## Action item:
The material below includes pictures; leave them out and return only the lines between the line containing "2017 Skoda Kodiaq" and the line containing "Video conferencing terminal", inclusive, word for word.

## Supplied information:
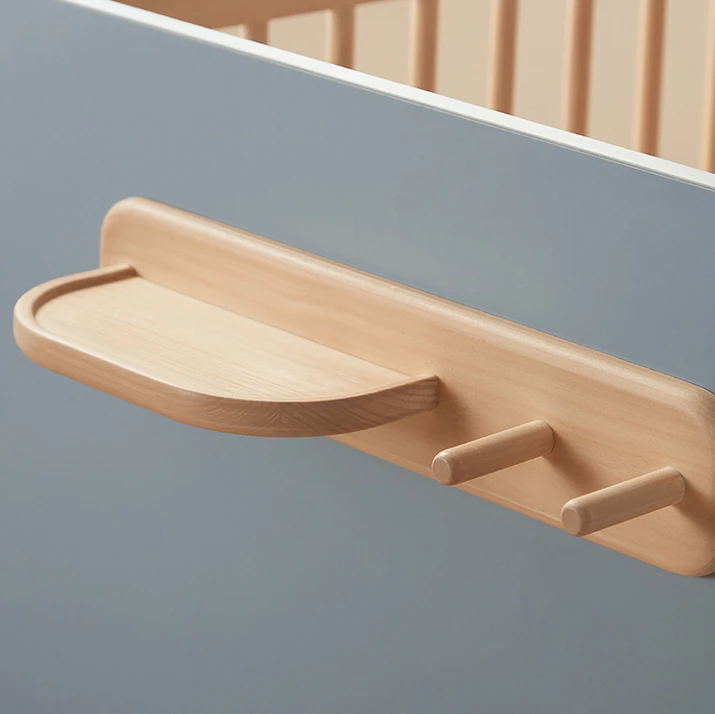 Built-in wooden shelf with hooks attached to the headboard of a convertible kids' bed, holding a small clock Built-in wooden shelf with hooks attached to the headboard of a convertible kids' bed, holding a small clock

* * *

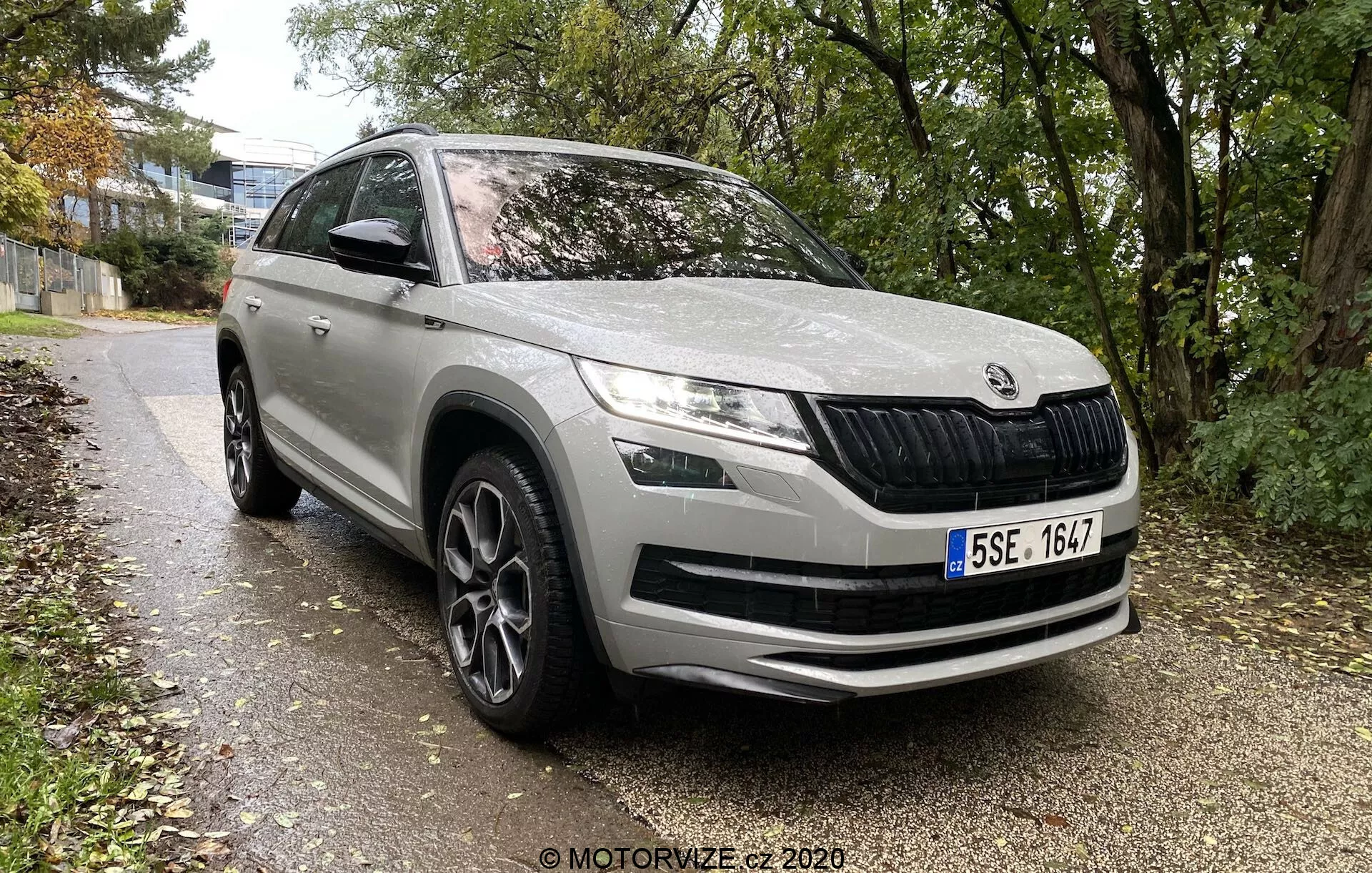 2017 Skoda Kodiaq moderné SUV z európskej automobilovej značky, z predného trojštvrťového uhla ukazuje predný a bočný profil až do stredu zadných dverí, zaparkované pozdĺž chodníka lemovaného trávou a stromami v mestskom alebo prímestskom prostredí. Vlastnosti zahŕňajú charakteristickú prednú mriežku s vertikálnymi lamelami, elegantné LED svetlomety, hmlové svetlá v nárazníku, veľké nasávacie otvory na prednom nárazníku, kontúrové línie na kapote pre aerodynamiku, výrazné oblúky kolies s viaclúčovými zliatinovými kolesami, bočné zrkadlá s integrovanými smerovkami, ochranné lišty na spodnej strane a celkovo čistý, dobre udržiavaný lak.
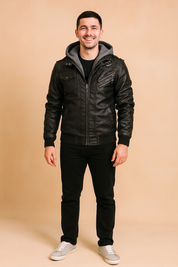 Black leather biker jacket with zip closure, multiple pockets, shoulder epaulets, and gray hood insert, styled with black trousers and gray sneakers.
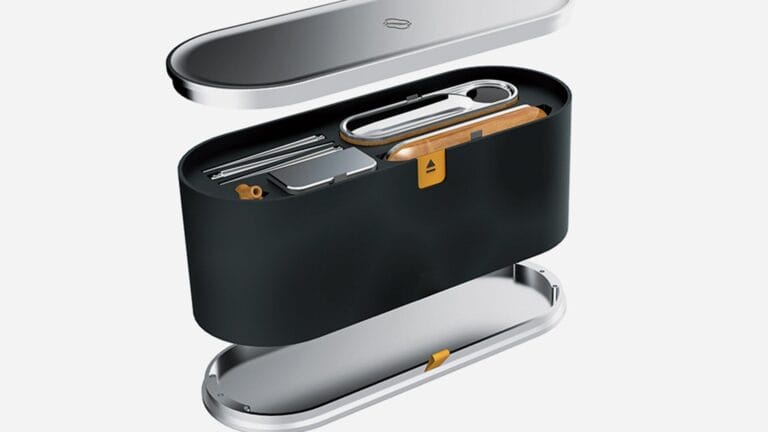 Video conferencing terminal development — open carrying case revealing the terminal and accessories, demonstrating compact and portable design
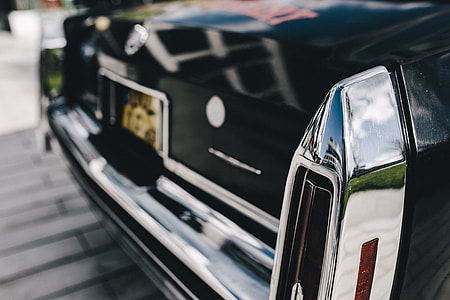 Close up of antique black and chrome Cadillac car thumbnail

---

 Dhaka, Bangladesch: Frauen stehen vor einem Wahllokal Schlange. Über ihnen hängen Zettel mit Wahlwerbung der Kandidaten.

## Solved exercise:
 2017 Skoda Kodiaq moderné SUV z európskej automobilovej značky, z predného trojštvrťového uhla ukazuje predný a bočný profil až do stredu zadných dverí, zaparkované pozdĺž chodníka lemovaného trávou a stromami v mestskom alebo prímestskom prostredí. Vlastnosti zahŕňajú charakteristickú prednú mriežku s vertikálnymi lamelami, elegantné LED svetlomety, hmlové svetlá v nárazníku, veľké nasávacie otvory na prednom nárazníku, kontúrové línie na kapote pre aerodynamiku, výrazné oblúky kolies s viaclúčovými zliatinovými kolesami, bočné zrkadlá s integrovanými smerovkami, ochranné lišty na spodnej strane a celkovo čistý, dobre udržiavaný lak.
 Black leather biker jacket with zip closure, multiple pockets, shoulder epaulets, and gray hood insert, styled with black trousers and gray sneakers.
 Video conferencing terminal development — open carrying case revealing the terminal and accessories, demonstrating compact and portable design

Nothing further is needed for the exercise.